1. What is sequestration?
A: Sequestration is a fiscal policy procedure adopted by Congress to deal with the federal budget deficit. Simply put, sequestration is the cancellation of previously approved spending— an automatic form of spending cuts. As modified by the fiscal cliff deal passed by Congress January 1, 2013, sequestration took effect March 1, 2013 and will continue to impose cuts over the next eight years, 2014–2021.
Some federal programs are called "mandatory" and are handled differently. However, the rest of the government, the so-called "discretionary" programs, are subject to significant cuts that started in 2013 that are to be divided equally between nondefense spending and defense spending.
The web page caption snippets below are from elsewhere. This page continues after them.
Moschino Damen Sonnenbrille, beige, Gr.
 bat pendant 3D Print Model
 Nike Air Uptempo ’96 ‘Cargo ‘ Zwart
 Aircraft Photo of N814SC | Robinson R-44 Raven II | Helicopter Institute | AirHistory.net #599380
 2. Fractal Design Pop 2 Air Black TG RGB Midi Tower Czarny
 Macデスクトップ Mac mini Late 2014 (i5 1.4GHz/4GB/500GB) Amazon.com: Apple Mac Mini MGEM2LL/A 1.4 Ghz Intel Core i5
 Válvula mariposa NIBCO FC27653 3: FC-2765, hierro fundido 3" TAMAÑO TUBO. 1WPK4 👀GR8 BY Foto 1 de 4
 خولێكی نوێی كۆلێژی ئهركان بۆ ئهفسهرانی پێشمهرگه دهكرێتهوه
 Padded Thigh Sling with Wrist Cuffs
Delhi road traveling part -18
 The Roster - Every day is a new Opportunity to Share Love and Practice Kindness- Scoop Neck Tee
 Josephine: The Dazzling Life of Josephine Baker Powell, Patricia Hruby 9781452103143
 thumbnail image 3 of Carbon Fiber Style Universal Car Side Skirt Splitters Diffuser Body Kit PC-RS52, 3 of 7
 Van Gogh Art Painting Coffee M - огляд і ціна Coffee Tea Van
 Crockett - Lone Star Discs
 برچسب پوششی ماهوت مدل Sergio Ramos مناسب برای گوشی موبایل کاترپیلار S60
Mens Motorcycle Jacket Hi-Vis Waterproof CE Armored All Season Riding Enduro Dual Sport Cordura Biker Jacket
2. Why did sequestration happen in FY13?
A: A law passed by Congress and signed by the president in August 2011 created a Congressional supercommittee to deal with the federal budget deficit with the mandate to enact a package of tax increases and spending cuts to reduce the deficit. As an incentive for Democrats and Republicans to reach agreement, the law contains the threat of the across-the-board cuts (sequestration) if a deal wasn’t struck. No deal was reached by this deadline, triggering sequestration in January 2013. Congress did pass a budget deal in late 2012 that postponed sequestration until March 2013.
3. Will sequestration happen in FY14?
A: No, thanks to the limited budget agreement passed by Congress in December 2013 that replaces sequestration for FY14 and FY15 and reinstates some of the funding cuts from FY13. Specific funding levels for education must be agreed to by the House and Senate committees charged with these decisions.
4. How long will sequestration last?
A: Sequestration is the law of the land through 2021 until Congress passes another bill to repeal or replace it in subsequent years. If not, education funding may be subject to additional cuts.
5. What should I say?
A: Educators should hold lawmakers accountable for their fiscal decisions by speaking out boldly and often. Every child deserves an excellent education to prepare them for college or a career. Research shows that every dollar invested in education provides a return to the economy in terms of productivity, taxes, and overall well-being. Congress must prioritize federal investments to recognize the benefits of an educated citizenry and increase our government’s commitment to our children.